EPA published a Notice of Proposed Rulemaking on March 14, 2016, seeking comment on the many changes the agency believed would address the issues created by these releases and the response by state and federal authorities. These latest revisions will become effective sixty days after their publication in the Federal Register, which should take place in the next few weeks.

In the lengthy prepublication copy of these new rules, which has been made available by EPA, the agency states that the purpose of the rulemaking is to improve safety at facilities that use and distribute hazardous chemicals. Accordingly, the EPA has made several changes to the existing accident prevention program requirements, enhanced the emergency response requirements, and improved the public availability of chemical hazard information.

More specifically, the existing Accident Prevention Program has been amended to require that all facilities with “program 2 or 3 processes” must conduct a “root cause analysis” as part of any investigation of a catastrophic release. In this way, the underlying causes of the accident can be addressed and corrected.

In addition, these facilities must contract with an independent third party to perform a compliance analysis after the facility has experienced an “RMP reportable” accident. Also, many covered facilities will now be required to conduct a “safer technology and alternatives analysis and evaluate the practicability of any “inherently safer technology” as part of the process hazard analysis.

The Emergency Response rules (located at Subpart E of 40 C.F.R. Part 68) have been enhanced. Many regulated facilities will be required to “coordinate” with the local emergency agencies on an annual basis to ensure that those agencies are aware of the regulated substances located at the facility, and to conduct annual notification exercises.

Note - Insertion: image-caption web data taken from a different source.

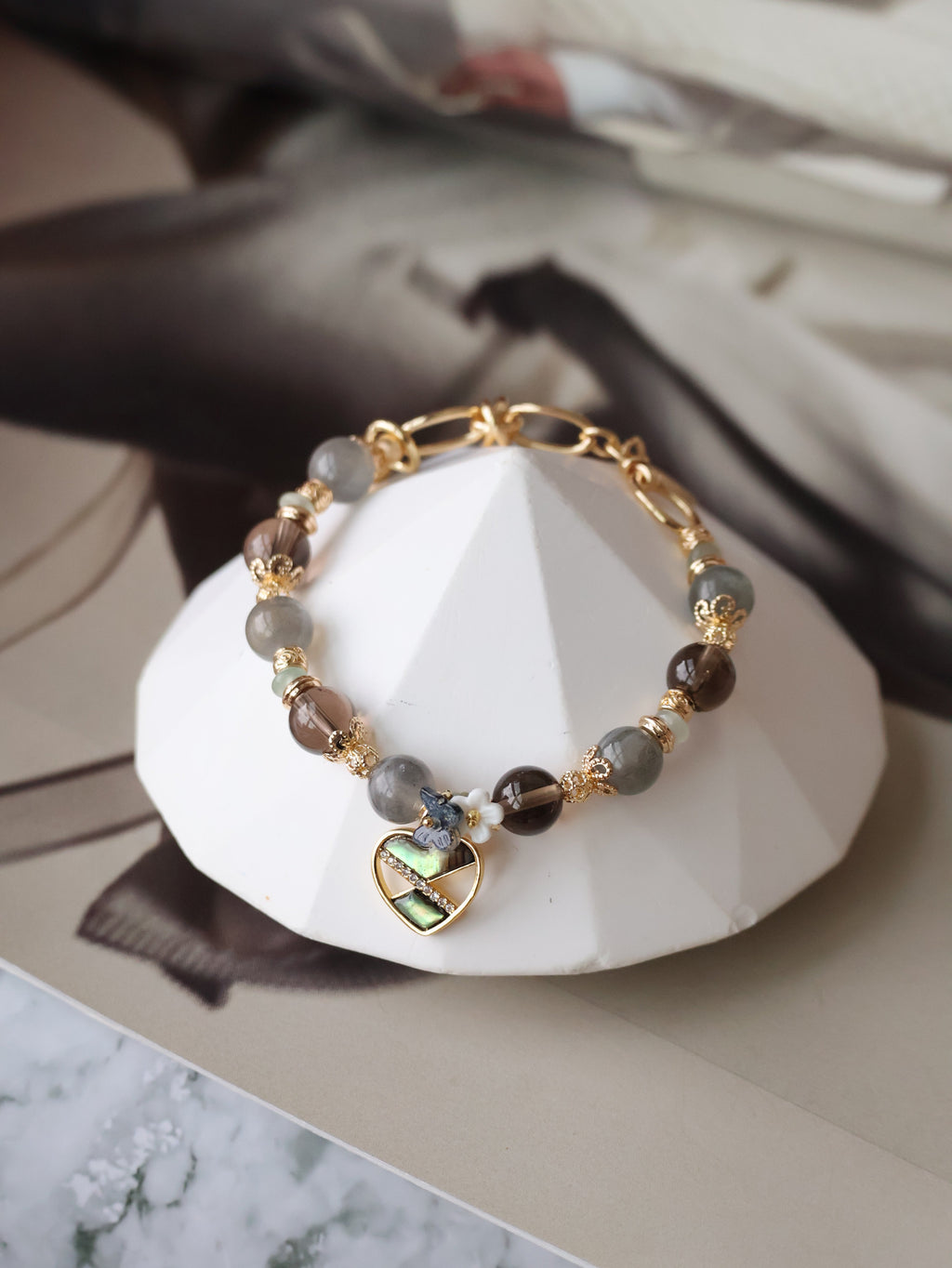 Labradorite, Smoky Quartz & Green Aventurine Crystal Bracelet ¡ª Meridith | 8mm (Elastic)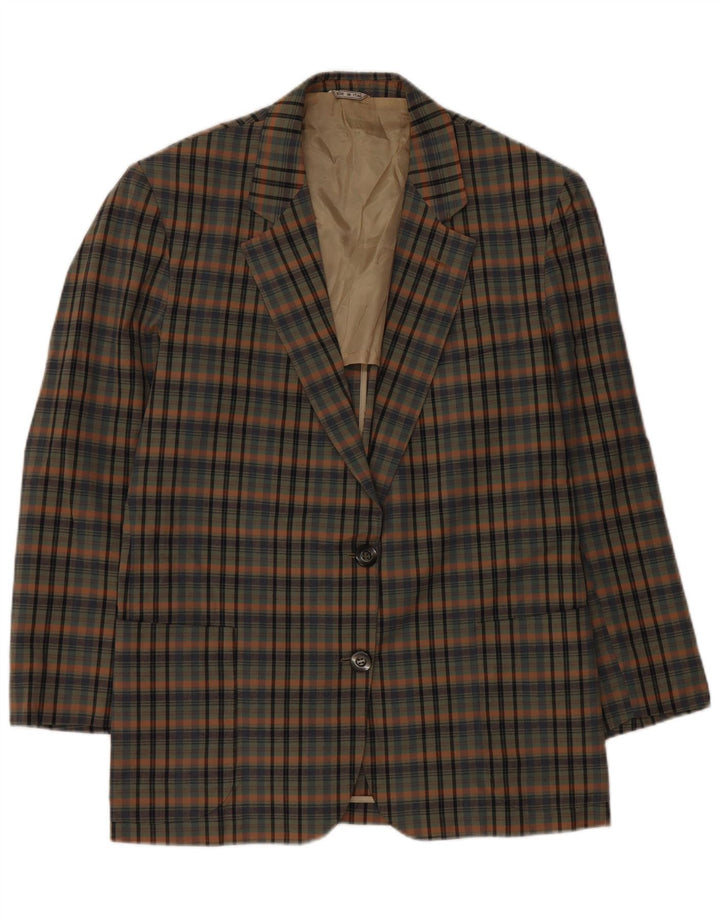 Jaqueta blazer feminina Ingram Azimut com 2 botões IT 48 XL algodão xadrez verde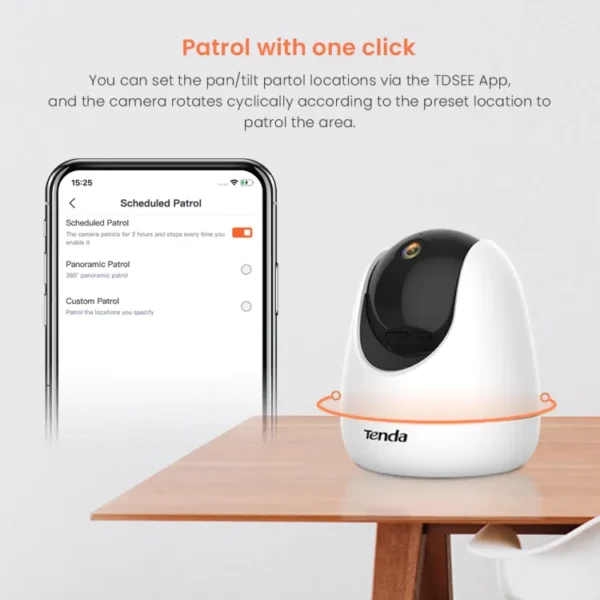 Tanda 2MP CP-3 Home Security Surveillance Wifi Camera- Best Camera- Cheap Camera- Tenda CP3 Home Security Surveillance Wifi Camera- Tenda CP3 V2.0 Security Pan/Tilt Camera 1080P- Tanda Wi-Fi Indoor Pan/Tilt Camera- Cheap Camera high quality 360 PTZ Camera - Image 2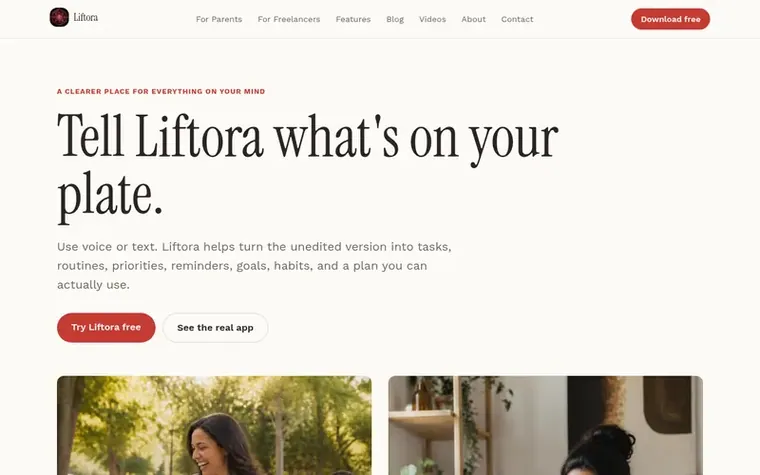 Screenshot of the Liftora homepage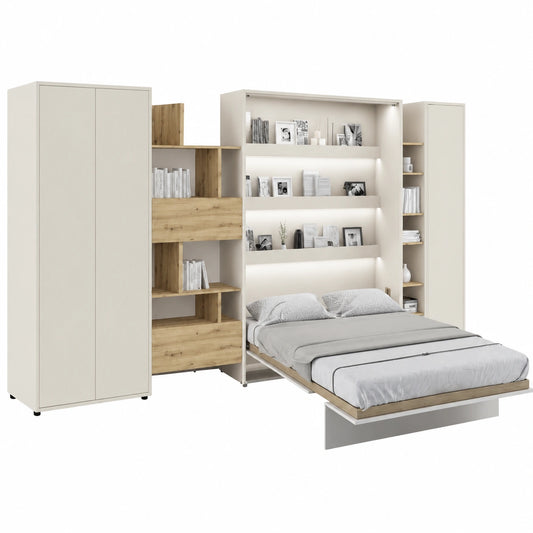 Multifunktionsschrankbett 90x200 mit Kleiderschrank und Regalen, inkl. Kashmir Matratze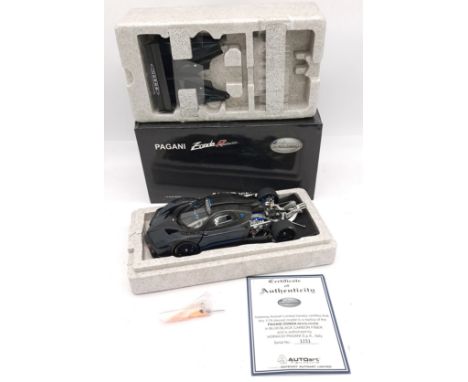 Autoart (Signature Series) a boxed 1:18 scale 78273 Pagani Zonda Revolucion in Blue/Black Carbon Fibre with numbered certific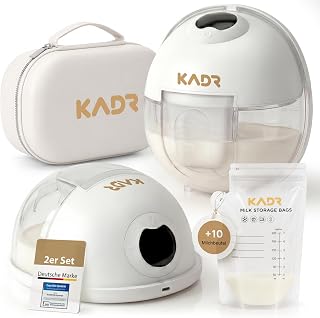 KADR Milchpumpe 2er-SET inkl. Milchbeutel elektrisch tragbar S39, Elektrische Mlchpumpe freihändig 4 Modi 12 Stufen mit 17/19/21mm Flansch, mit Zubehör (2 Stück, Weiß) (2 Stück (Doppelpumpe))
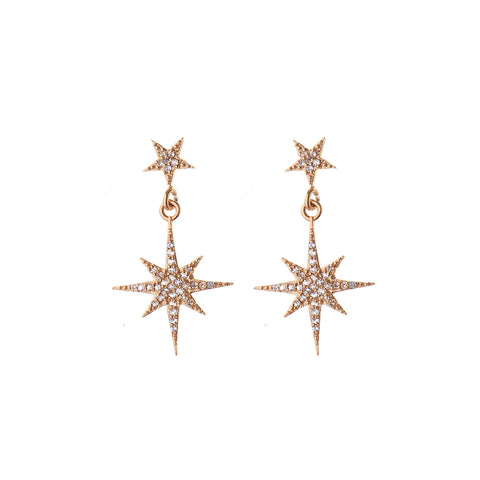 starburst earrings with drop, as seen on Emilia Fox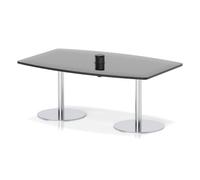 Italia Volta 1800mm Poseur High Gloss Table With Pop-up Power Module Black Top 725mm High Silver Leg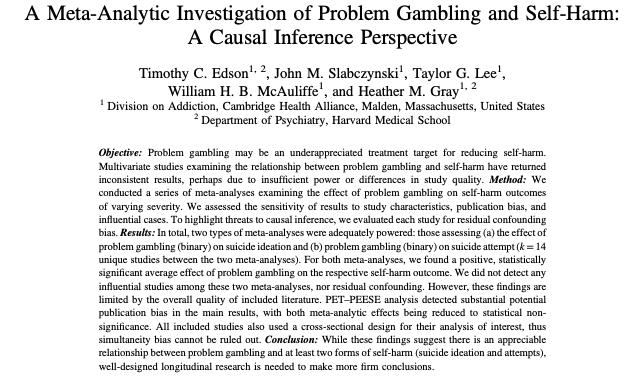 Div_Addiction's tweet photo. 🚨 New publication alert! We conducted a series of meta-analyses examining the effect of problem gambling on self-harm outcomes of varying severity. We evaluated the quality of studies, including potential bias. https://t.co/eyGAgoPry6 https://t.co/rHSm0ONqRI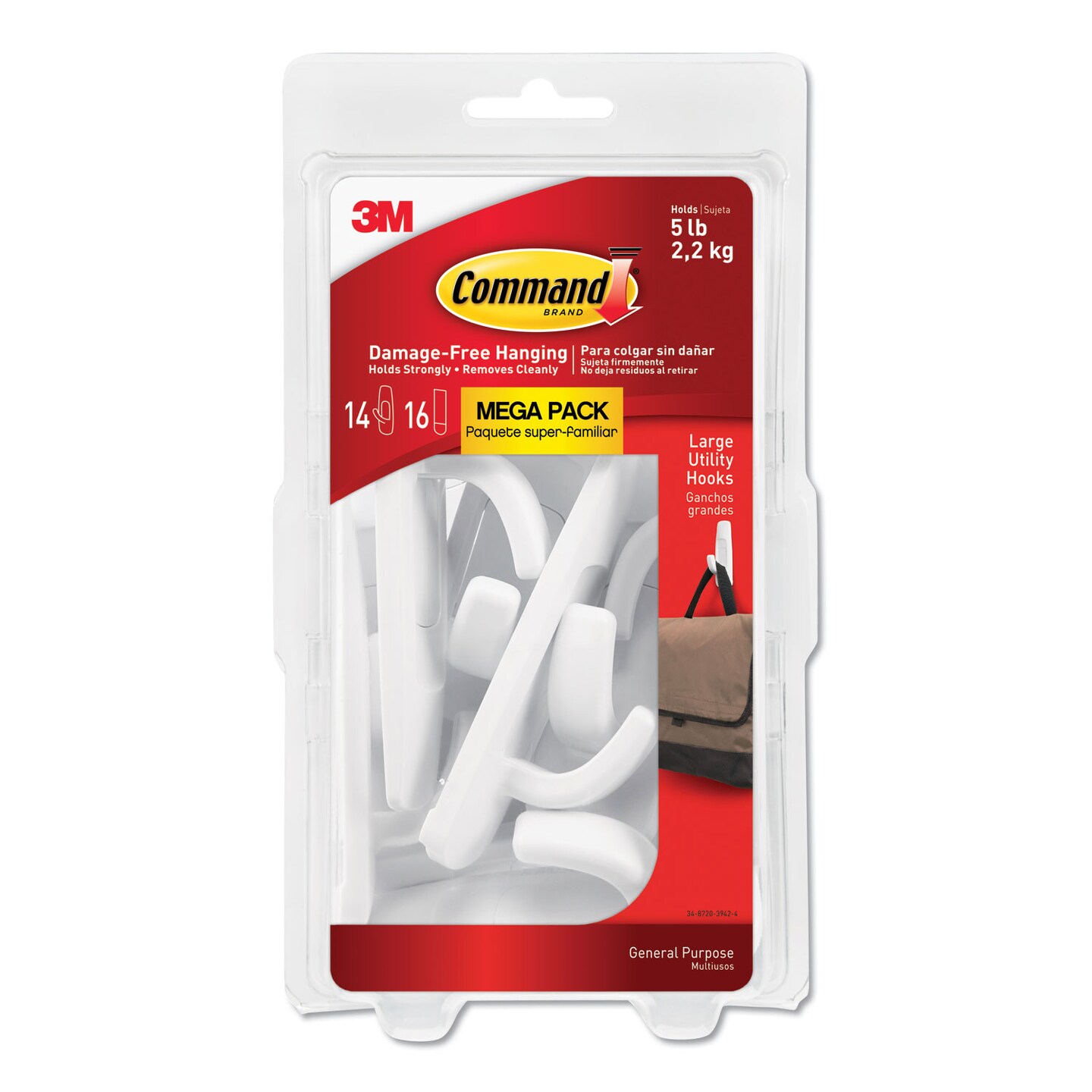 Command General Purpose Hooks Large 5 lb Cap White 14 Hooks and 16 Strips/Pack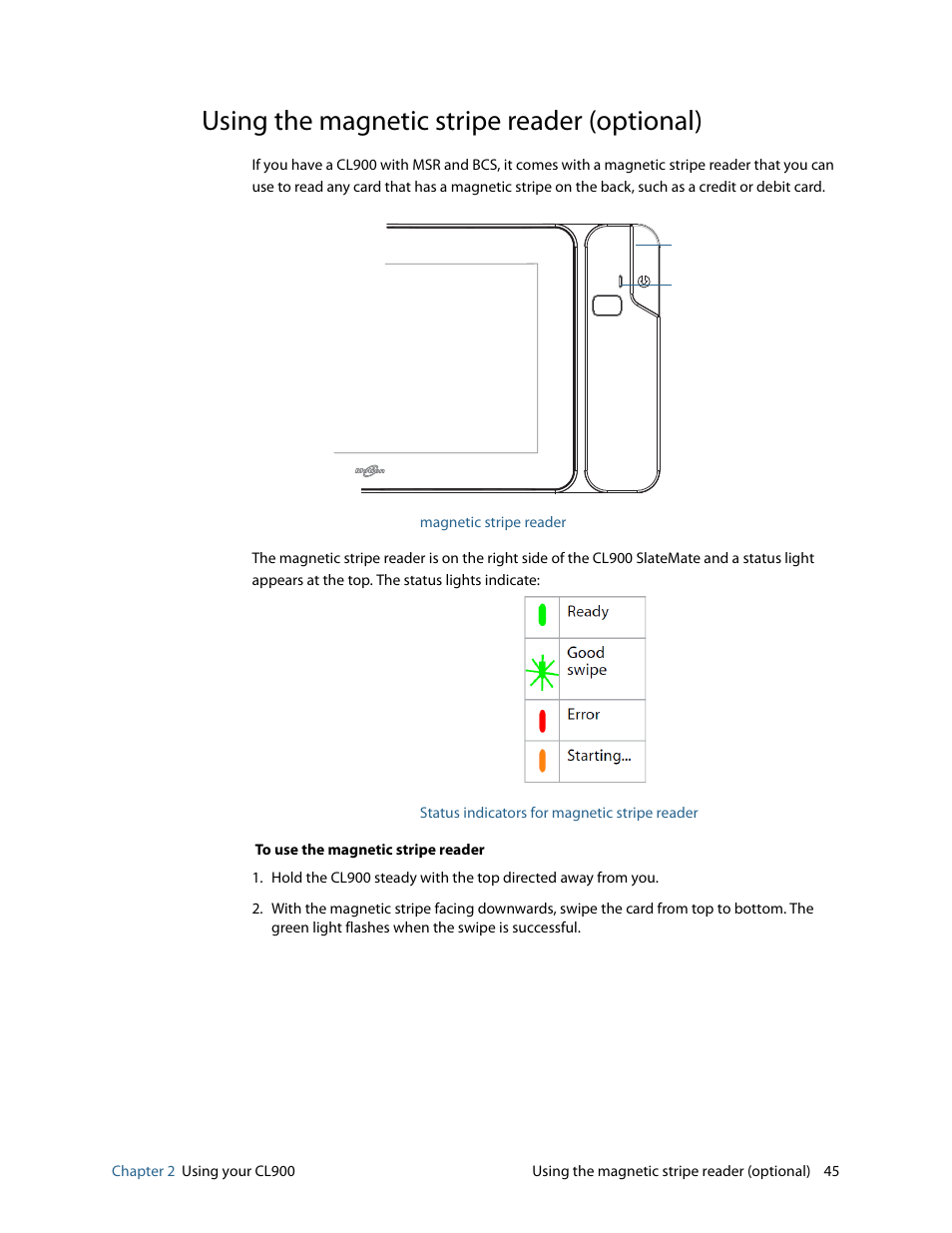 Using the magnetic stripe reader (optional) | Motion CL900 FWS-001 User Manual | Page 51 / 81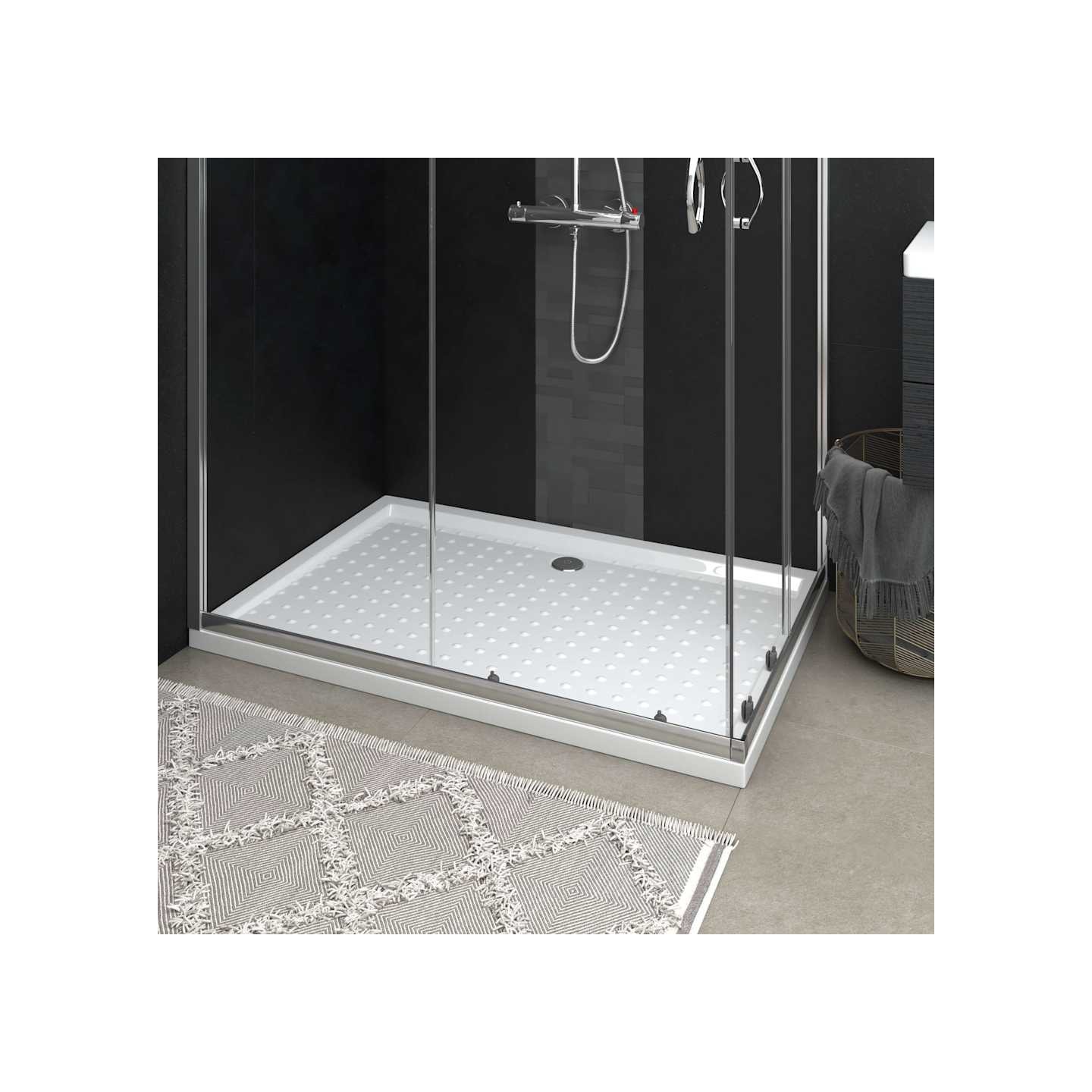 Receveur de douche avec picots Blanc 80x120x4 cm ABS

There are also requirements to conduct field exercises and tabletop exercises.
EPA has added new requirements to enhance the public availability of chemical hazard information (Subpart H of 40 C.F.R. Part 68). All facilities must provide certain basic chemical data to the public, upon request. Also, the rule requires all facilities to hold a public meeting for the local community within 90 days of a reportable RMP accident. If an owner or operator asserts that the requested information required to be made available is confidential business information, then a “sanitized version” of the CBI must be provided.

Briefly, What Has Changed

  • The regulatory definitions located at 40 CFR § 68.3 now include new definitions for “active measures,” “CBI,” “inherently safer technology,” “passive measures,” “practicability,” “root cause,” and “third party audit.”
  • The rules establish a multitude of new reporting and analytical requirements, which must be carefully scrutinized. For example, the training rules of 40 C.F.R. § 68.48 have been supplemented to include a new requirement for “refresher training.”
  • 40 CFR §68.59, “Compliance Audits,” has been revised, including a new provision that third-party audits be completed in accordance with regulatory deadlines.  The audit must be provided by the owner or operator of the facility to the board of directors or the audit committee immediately upon completion. It should be noted that the final rule does not contain the proposed provision that would exempt such audit reports from the evidentiary protections of the attorney-client privilege.